To The Last Drop

NYC Memories….

My son is in New York right now for part of his spring break and I must say, I am jealous. Happy, as a Mom, that he is having a great experience….but wishing I were there with him. It doesn’t seem possible that I moved there, not much older than my son is now, and took on the Big Apple. As he walked around and explored the city this weekend, he sent texts and at each place I was able to immediately recall memories and pass along stories. Although he was born there, he has no recall at all of those few years he lived there as a child. However, now he will have some of his own memories and I am hoping, a taste of a different pace and life. Seems funny in a nice way that he is there, walking the same streets and riding the same buses and subways that he did as an infant- I don’t know, I just love when life brings us back around to things, people and places we think we have left forever.

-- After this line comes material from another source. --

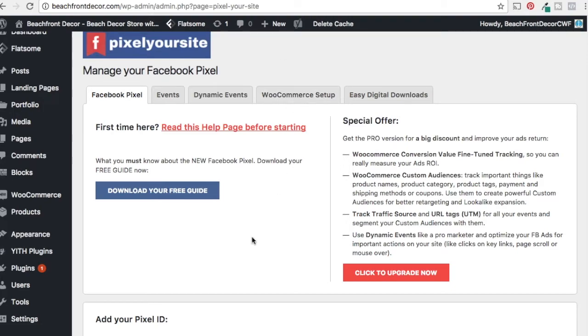What you do is just go to the main page right under here. I obviously can't scroll down and show you my pixel ID. You just enter your pixel ID, press save, and that's exactly how we do it.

Picking up and moving to NYC after I graduated from college was a huge step for me. After the excitement of jobs falling into place and what seemed to be a force pulling me in that direction, I was scared. Very scared. I never went to summer camps, never ventured too far from home and even the college I chose, DePauw, was a small and very safe cocoon. I hung up the phone one summer night in 1978 and told my Mom I was moving to New York. She was very excited but my Dad took some convincing;a lot of convincing.The fact that my first years salary as teacher combined with the position I took at the Metropolitan Museum of Art was less than the yearly rent I was to pay, could have been the source of some worry. But they let me go. They sent me on my way with the basic tools I needed, whatever furniture was in the storage room that older siblings hadn’t confiscated ( took a fold away cot for my bed, my dresser from 3rd grade that stil had bunny stickers on it, two chairs that were in my parents first apartment and exactly two knives, two forks and a few plates)and a security that I could come home anytime. Believe me, that thought crossed my mind more than few times those first two weeks! But they let me go…I know, I know, it is now that full circle I mentioned earlier.

I “let go” and my son is now in college, traveling the world, and beginning his life. My daughter is awaiting news this week of her own college experience and where that will be. I see ahead a few months and again, I will “let go”. Lots of mixed feelings to be sure. In another two years, I will have come full circle and my last child will be off to college. I will have entered another segment of my life where life itself brings you back around. My youngest wants to go to NYC for college….if that remains true, my journey of returning will truly be complete. Letting go and coming back. The one thing about change is you can always depend on it that it will happen.

I still wish I was looking at the Egyptian Wing with him, having a cannoli in Little Italy and walking through Central Park. But it is his time, his life…and I will love every single text I receive!!!!